Thrust 1: Measuring Phrasing Brittleness (PSF) and Misleading Explanations (MEE)
Goal: Build a rigorous, repeatable way to measure when models flip answers under paraphrases while their visual focus stays the same — and when explanation metrics look better for wrong answers.
Why this matters
- Phrasing-Sensitive Failure (PSF): Answers change under clinically equivalent rewordings while attention maps stay stable (false reassurance risk).
- Misleading Explanation Effect (MEE): Deletion/Insertion AUC often higher for wrong predictions than right ones (faithfulness ≠ correctness).
- Clinical risk: Stable-looking saliency + confident answer can still be wrong; small phrasing change flips the decision.
Dataset: VSF Med (Vulnerability Scoring Framework — Medical)
- Scope: Chest X-ray VQA from MIMIC-CXR; integrates Chest ImaGenome ROIs for 1,500 images.
- Categories (target):
- Binary findings (~800), Localization (~400), Severity (~300), Temporal/Comparative (~300), Modality/View (~200).
- Paraphrases: 8–10 expert-validated variants per question (LLM generation + multi-stage clinical filtering).
- Phenomena tags: lexical, syntactic, negation, scope/quantification, specificity, combined.
Metrics (notes)
- Flip Rate: % of paraphrase pairs that change answer.

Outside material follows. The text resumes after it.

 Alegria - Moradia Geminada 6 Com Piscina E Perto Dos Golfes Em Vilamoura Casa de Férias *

- Attention Stability Index (ASI): Cosine similarity of attention maps across paraphrases; high ASI + flip → PSF.
- Faithfulness Gap (EFG): Deletion/Insertion AUC for wrong > right.
- Answer-Attention Coupling (AAC): Correlation between prediction change and attention change.
Evaluation plan
- Models: MedGemma-4b-it, LLaVA-Rad (initial); human baseline for context.

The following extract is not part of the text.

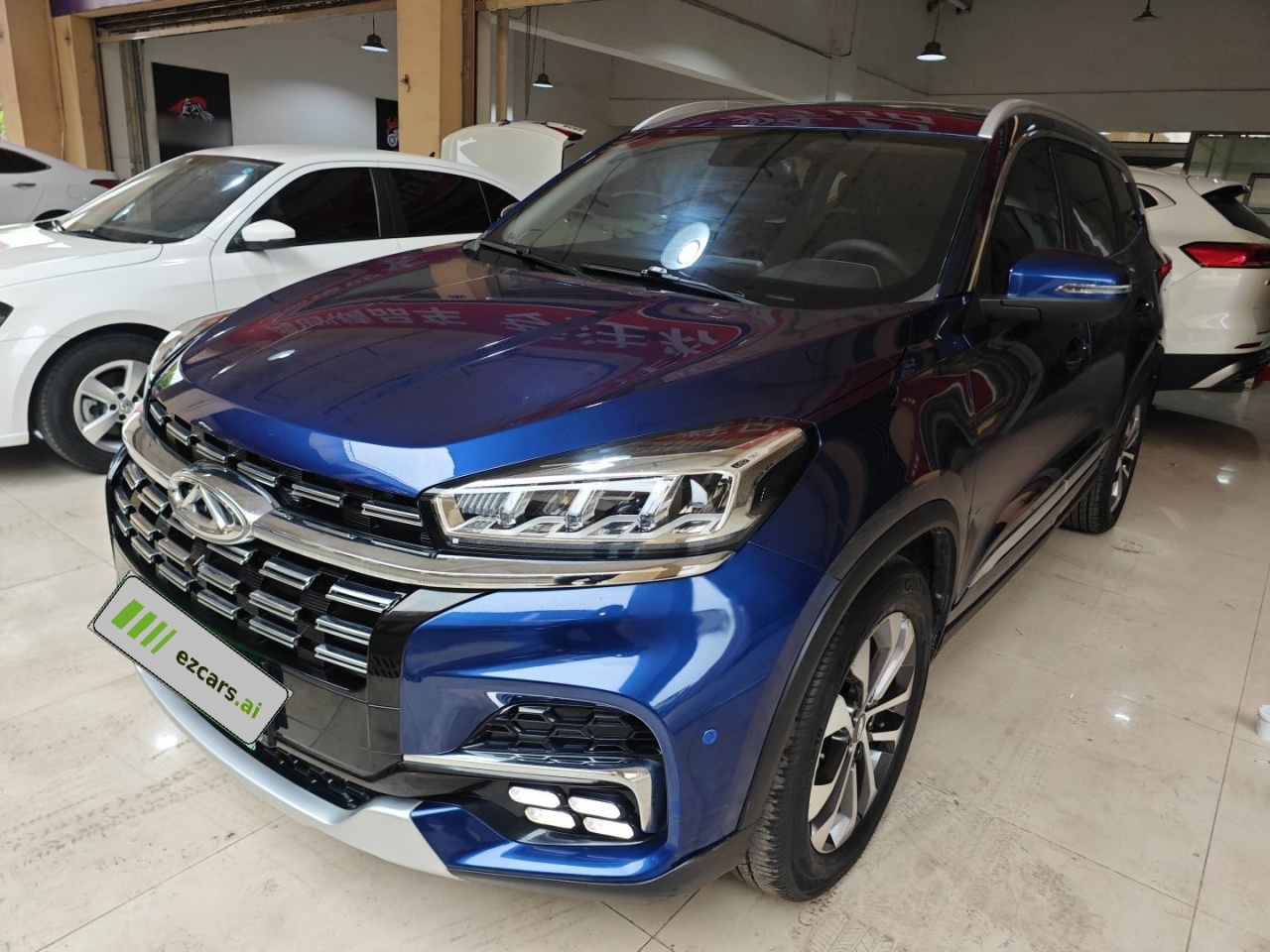 Tiggo 8 2019 1.5TCI AT Elite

- Stressors: negation, scope shifts, syntax reorderings, synonym swaps; report phenomenon-specific flip rates.
- Outputs: dataset card, evaluator scripts, per-phenomenon vulnerability profiles.
Expected deliverables
- VSF Med benchmark + annotation schema.
- Reproducible evaluation code (flip/ASI/EFG/AAC metrics).
- Figures: flip distributions, ASI vs. flip scatter, faithfulness inversion examples.
Decisions / TODOs
- Finalize question set and per-category counts.
- Lock paraphrase validation thresholds and QA checklist.
- Choose default attention probe(s) for ASI (Grad-CAM, rollout, etc.).
- Publish minimal evaluator with cached model outputs to lower compute.